Checksum, e.g. sha256

* has a timestamp
* has a begin (first Byte)
* has an end (last Byte)
* has an algorithm

#### HarddiskTest

Integrity tests of harddisks

* has a timestamp
* has a user, which performed the test
* has a health state (sane + error for each checksum of Harddisk and Filesystem)

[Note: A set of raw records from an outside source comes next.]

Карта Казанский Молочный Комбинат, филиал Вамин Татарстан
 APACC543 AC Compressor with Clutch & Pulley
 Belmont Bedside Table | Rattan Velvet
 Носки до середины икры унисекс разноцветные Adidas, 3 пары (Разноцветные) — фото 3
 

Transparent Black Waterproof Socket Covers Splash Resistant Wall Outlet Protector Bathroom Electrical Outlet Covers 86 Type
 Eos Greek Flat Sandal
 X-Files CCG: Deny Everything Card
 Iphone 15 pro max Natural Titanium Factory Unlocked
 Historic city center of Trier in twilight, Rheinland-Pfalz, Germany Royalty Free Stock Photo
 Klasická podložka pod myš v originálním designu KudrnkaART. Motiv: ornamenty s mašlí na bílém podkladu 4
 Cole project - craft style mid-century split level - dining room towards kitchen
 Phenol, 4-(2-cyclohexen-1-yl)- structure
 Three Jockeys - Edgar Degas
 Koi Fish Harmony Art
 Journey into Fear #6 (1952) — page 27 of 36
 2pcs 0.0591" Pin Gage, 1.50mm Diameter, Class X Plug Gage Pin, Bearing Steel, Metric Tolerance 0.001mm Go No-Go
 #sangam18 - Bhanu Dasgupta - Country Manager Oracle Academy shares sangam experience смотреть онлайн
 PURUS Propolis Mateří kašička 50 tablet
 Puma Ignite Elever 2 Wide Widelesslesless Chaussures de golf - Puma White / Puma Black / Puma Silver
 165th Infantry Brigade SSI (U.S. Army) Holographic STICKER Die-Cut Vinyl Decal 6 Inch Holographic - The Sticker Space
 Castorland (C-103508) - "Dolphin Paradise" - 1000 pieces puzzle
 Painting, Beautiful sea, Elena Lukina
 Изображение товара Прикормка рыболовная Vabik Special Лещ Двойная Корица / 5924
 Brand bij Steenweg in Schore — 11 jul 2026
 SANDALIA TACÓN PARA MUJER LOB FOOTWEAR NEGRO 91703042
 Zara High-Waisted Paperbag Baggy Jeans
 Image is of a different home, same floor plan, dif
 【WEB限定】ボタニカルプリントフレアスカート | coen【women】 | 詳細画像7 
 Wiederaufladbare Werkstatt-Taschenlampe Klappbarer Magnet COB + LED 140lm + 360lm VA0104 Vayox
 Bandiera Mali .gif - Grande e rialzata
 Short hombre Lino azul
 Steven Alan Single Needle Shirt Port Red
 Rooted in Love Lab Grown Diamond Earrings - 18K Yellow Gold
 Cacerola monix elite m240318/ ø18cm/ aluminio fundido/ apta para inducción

### Identification with uuids

* A uuid is a Universally Unique Identifier
* Harddisks, Filesystems and Content are identified with uuids
* A Harddisk is identified with a combination of the uuids
* Host
* Harddisk
* A Filesystem is identified with with a combination of the uuids
* Partition
* Raid
* Raid Sub
* Crypto
* LVM
* Filesystem
* The uuids of a Harddisk and a contained Filesystem are strictly hierarchical:
* Host > Harddisk > Partition > Raid > Raid Sub > Crypto > LVM > Filesystem
* A Content is identified with exactly one uuid

### Integrity tests with checksums

* When a Harddisk is finalized, the follwing Checksums are saved into the database
* Checksum of the Harddisk: Harddisk
* Checksums of the Filesystem: Partition, Raid, Raid Sub, Crypto, LVM, Filesystem
* For each Content the following Checksums are saved to database
* Checksum for the whole file
* Checksums for each upload chunk
* All checksums are additionally saved on the harddisk as second indepentend source
* Harddisk/Filesystem: on a metadata partition
* File/Chunks: on the filesystem
* A checksum of the metadata partition is saved only on the harddisk
* Regularly schedulled (e.g. biannual) integrity tests ensure the logterm integrity of all Harddisks
* For each test
* Check of uuids
* Check of checksum of metadata partition
* Activation of crypto and raid
* Check of checksums of filesystems /dev/disk/by-uuid/...
* On error:
* Feedback Admin
* Write HarddiskTest (state: error_filesystem)
* Check of Checksumms of all files
* Write HarddiskTest (state: sane)
* An error might be tracked down to the resolution of the uploads chunks, if neccessary

### Archiving of the files

* The files associated with a Content are stored on a filesystem
* Each file is named after the Content Uuid: `UUID`
* Each file is associated with two other files by convention:
* `UUID.checksum`: checksum of the whole file
* `UUID.checksums`: checksums of all upload chunks
* Each file is stored in the folder `./UUID[0]/UUID[1]/`
* Folderstructure for optimized filesystemaccess
* No semantic information (e.g. USER) to avoid the need for corrections
* The full syntax for a file is
* `./UUID[0]/UUID[1]/UUID(.checksum(s))`
* Examples of file paths
* `./3/5/35f0c169-6594-4bf3-b285-451d2aa8c61e`

### Orchestration of the archiving

* Files on an [[Specification#Intermediate-storage-for-archive|intermediate storage]] may be archived in many storehouses
* The URLs to the storehouse machines are stored in STOREHOUSECODE target files
* The mappings of all intermediate storages to storehouses are administered on an central orchestration machine
* Syntax: `./STORAGE/STOREHOUSECODE`
* Example: `./storage001/DÜ1`
* The mapping of a single intermediate storage to storehouses are mirrored to this intermediate storage
* Syntax: `./storage/targets/STOREHOUSECODE`
* Example: `./storage/targets/DÜ1`
* The files on the intermediate storage are synchronized with the files on the orchestration machine for orchestration

### Human readable label sticker

* For each Harddisk, a label sticker may be generated
* Header: `PURPOSE-STOREHOUSECODE-CONTAINERLABELCODE (RAIDTYPE: RAIDNUMBER/RAIDTOTAL)`
* `PURPOSE`: "UCR" ("User Content Repertoire")
* `STOREHOUSECODE`: Code of the Storehouse, e.g. "DÜ1" for the first storehouse in Düsseldorf
* `CONTAINERLABELCODE`: Incremental, padded to 5 digits, e.g. 00001
* `RAIDTYPE`: Typ of the raid
* `RAIDNUMBER`: number of the harddisk in the raid
* `RAIDTOTAL`: total number of harddisks in the raid
* Details: List of `ARCHIVELABELCODE`s
* `ARCHIVELABELCODE`: Label of the Archive

# Sort

* Only more liberal licenses should be allowed.